In January 2019, IBM released a collection of nearly a million photos scraped from image hosting service Flickr to academic and corporate research groups. The photos were filtered from a Yahoo, then parent company of Flickr, publication in 2014 of 100 million images, and annotated with skin tone, estimated age and gender, and extensive facial features (Solon). There was immediate outcry and indignation of the public, despite the fact these photos were intended to be used to improve facial recognition software biases. Commercial face recognition algorithms severely underperform for minorities and women specifically, a problem seemingly rooted in the lack of data. Only 7.4% and 4.4%, respectively, of images in common benchmark datasets such as Adience and IJB-A are of dark-skinned women (Suresh). IBM attempted to combat this problem with the release and promote the improvement of recognition for underrepresented groups. However, it seemed the "benevolence" of IBM had been lost in the process, and the release was met with swift criticism. There are extensive problems with the publication of the photo collection, but I argue to you, none bigger than the promotion of facial recognition in its entirety.

The most glaringly obvious issue with the release lies in the lack of consent of the image owners. It is true there is a significant gap between what the public and industry professionals consider "acceptable practices" when it comes to data-scraping; facial recognition researchers considered it common practice to scrape public images when software was first developing (Hao). In fact, publicly scraping sources is one of the first topics taught to data science professionals, and certainly not considered out of the ordinary. Jason Schulz, a law professor at NYU, likens public scraping to the "dirty little secret of AI training sets," and says, "researchers often just grab whatever images are available in the wild," (Solon). However, the advancement of associated technologies has created a need for re-evaluation of what was once commonplace. IBM Watson's own Visual Recognition software can now be used to identify specific people from photos (Solon), creating a clear violation of the European General Data Protection Regulation. The GDPR states the collection of sensitive biometric data is prohibited if individual identities can be confirmed from the data points, unless explicit consent is given (Khan). As the Visual Recognition software has made clear, this now applies to all images in the IBM collection. While the images were published under the "Creative Commons" license on Flickr, meaning others can reuse the photo without paying licensing fees, the consent to photo utilization was given for an entirely different internet ecosystem. Greg Peverill-Conti, a Boston-based public relations executive with over 700 photos in the collection, rightfully communicates, "none of the people I photographed had any idea their images [would be] used in this way," (Solon). Additionally, the Illinois Biometric Information Privacy Act sets out regulations stating a person's written consent is needed to capture, store, and share biometric information, including face geometry. The release of the IBM collection set up a system demanding an "opt-out" from users concerned with privacy, an overwhelming difficult task to pose on ordinary citizens for several reasons.

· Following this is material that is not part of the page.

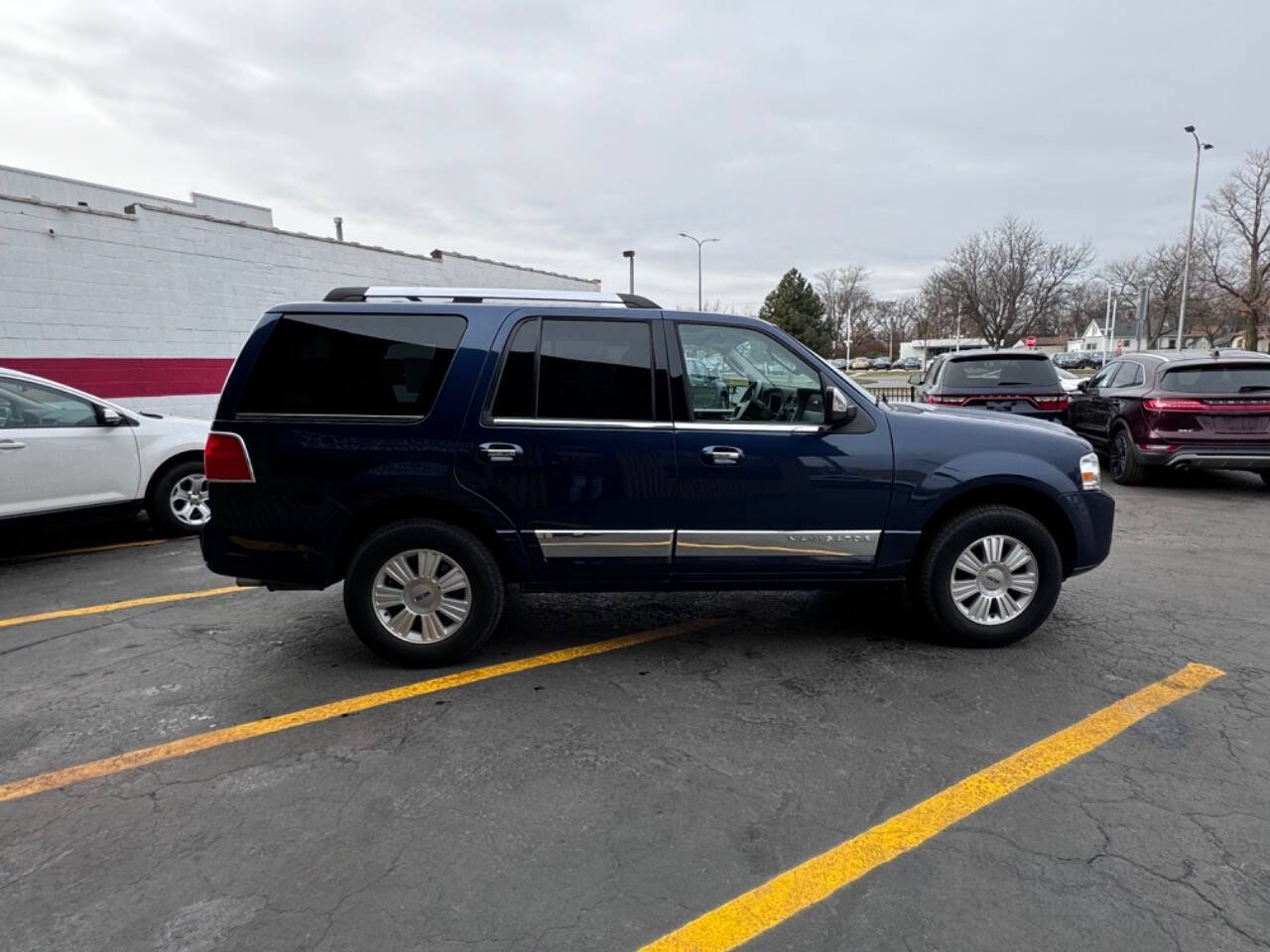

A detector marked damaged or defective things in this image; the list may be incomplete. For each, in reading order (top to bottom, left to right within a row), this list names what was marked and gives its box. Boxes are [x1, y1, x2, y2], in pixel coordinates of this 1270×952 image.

cracked asphalt [2, 470, 1270, 952]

First, it is nearly impossible to know if specific photos are included in the database, because it was not released to the public. However, given a user somehow knows their photos are included and wants them removed, the company has stated they are committed to "protecting the privacy of individuals" and "will work with anyone who requests a URL to be removed from the dataset," (Solon). But there are problems with this "commitment" to privacy too. For example, NBC News alerted a photographer more than 1000 of his photos were in the IBM collection, and he promptly followed up with IBM with his Flickr user id, requesting an "opt-out." IBM responded that none of his photos were included in the dataset, to which the photographer gave specific links of his photos in the collection (provided to him by NBC News, as he could not access the dataset himself). The company then responded apologetically, blaming an indexing bug, and removed the four photos the photographer was able to provide links to. NBC News estimates 1001 of the photographer's photos remain in the dataset. Furthermore, even if a photo is removed from IBM's original collection, that photo has still permeated throughout the 250 organizations that have requested access to the dataset (Solon). This arduous, impossible "opt-out" process is unacceptable.

Racial Profiling

The second danger posed by the release of the IBM collection lies in the improvement of facial recognition software, seemingly a paradox. John Smith, who oversees artificial intelligence research at IBM, states "we recognize that societal bias is not necessarily something we can fully tackle with science, but our aim is to address mathematical and algorithmic bias," (Solon). This is fundamentally the wrong approach to combatting bias and promoting good ethical practice in advanced algorithms, because it does not consider the potential ramifications of the software development itself. Eighty-five racial justice and civil rights groups have recently called for tech companies to refuse to sell facial recognition software to governments, citing historical government exploitation of technology to target communities of color or religious minorities and immigrants ("Pressure Mounts"). This call to action comes from the understanding that while facial recognition software accuracy can improve, this has no implication on the accuracy or fairness of the manner in which it is deployed. For example, an NBC News study found criminal biometric databases contained overwhelming numbers of mugshots of African Americans, Latinos, and immigrants, as these groups are frequently subject to targeting from biased policing practices (Solon). Even if facial recognition was used to promote the "general safety and well-being of society," the software would still disproportionately identify those pre-existing in the criminal database as a result of unfair targeting.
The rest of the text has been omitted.